Jakarta — Israel pernah dikeroyok sejumlah negara Arab saat perang Yom Kippur atau Perang Ramadan pada 6 Oktober 1973.

Saat itu, warga Yahudi Israel akan merayakan Yom Kippur atau “hari penebusan dosa”, sementara bagi negara Arab hari itu banyak warga Muslim yang menjalankan ibadah puasa. Di hari suci tersebut, banyak tentara Israel yang meninggalkan pos mereka.

Lalu tiba-tiba serangan dadakan muncul dari Suriah dan Mesir. Presiden Mesir saat itu Anwar Sadat bertekad menghapus kekalahan mereka dalam Perang Enam Hari pada 1967.

Sadat ingin merebut kembali wilayah Mesir yang hilang imbas kalah dalam Perang Enam Hari, yakni Semenanjung Sinai.

Sadat tahu betul Mesir tak akan bisa merebut kembali Semenanjung Sinai meski berkoalisi dengan negara Arab lain menggunakan jalan kekerasan.

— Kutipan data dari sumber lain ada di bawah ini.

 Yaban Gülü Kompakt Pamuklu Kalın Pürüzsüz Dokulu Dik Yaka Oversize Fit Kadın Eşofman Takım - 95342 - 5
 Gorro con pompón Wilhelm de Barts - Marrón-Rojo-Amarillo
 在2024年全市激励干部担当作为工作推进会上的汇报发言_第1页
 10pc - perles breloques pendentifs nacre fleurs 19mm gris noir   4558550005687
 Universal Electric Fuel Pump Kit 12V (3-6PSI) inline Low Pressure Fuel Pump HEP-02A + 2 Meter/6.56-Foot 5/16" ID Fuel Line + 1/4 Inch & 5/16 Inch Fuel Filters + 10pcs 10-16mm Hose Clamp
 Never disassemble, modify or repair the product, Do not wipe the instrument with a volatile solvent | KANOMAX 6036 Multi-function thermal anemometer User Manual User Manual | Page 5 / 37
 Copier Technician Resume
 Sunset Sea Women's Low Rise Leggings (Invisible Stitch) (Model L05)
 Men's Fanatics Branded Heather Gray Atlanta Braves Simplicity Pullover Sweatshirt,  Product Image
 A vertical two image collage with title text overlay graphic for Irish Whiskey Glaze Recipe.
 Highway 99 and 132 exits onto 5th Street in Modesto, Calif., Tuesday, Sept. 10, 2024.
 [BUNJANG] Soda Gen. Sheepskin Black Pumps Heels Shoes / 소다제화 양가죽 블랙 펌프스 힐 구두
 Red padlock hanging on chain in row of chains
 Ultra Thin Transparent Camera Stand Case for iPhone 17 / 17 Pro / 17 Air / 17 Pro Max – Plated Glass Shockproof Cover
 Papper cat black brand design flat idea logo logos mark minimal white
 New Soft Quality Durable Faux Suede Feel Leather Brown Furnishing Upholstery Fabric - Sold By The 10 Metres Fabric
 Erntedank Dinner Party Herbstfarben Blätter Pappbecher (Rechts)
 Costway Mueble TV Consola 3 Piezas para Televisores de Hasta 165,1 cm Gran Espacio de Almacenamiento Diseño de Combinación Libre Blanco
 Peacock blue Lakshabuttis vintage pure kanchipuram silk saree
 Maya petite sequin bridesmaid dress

Dia hanya perlu dua skenario yakni perlu legitimasi domestik yang memungkinkan memulai inisiatif diplomatik yang berani dan mengubah posisi arogan Israel, demikian dikutip dari American University.

Saat itu, Israel merasa tak terkalahkan dan mampu bernegosiasi dengan posisi yang sangat kuat. Hanya kekalahan dalam perang atau seri yang kemungkinan bisa mengubah posisi Negeri Zionis itu.

Di tengah situasi tersebut, Sadat memperkuat hubungan dengan Uni Soviet, bersekutu dengan Suriah, dan merencanakan serangan terkoordinasi.

Pasukan Mesir menyerang Israel dari perbatasan negara dekat Semenanjung Sinai, sementara Suriah berusaha memukul mundur Israel di Dataran Tinggi Golan.

Pasukan Irak kemudian ikut bergabung dalam perang, Suriah juga menerima dukungan dari Yordania. Setelah beberapa hari, Israel dimobilisasi sepenuhnya.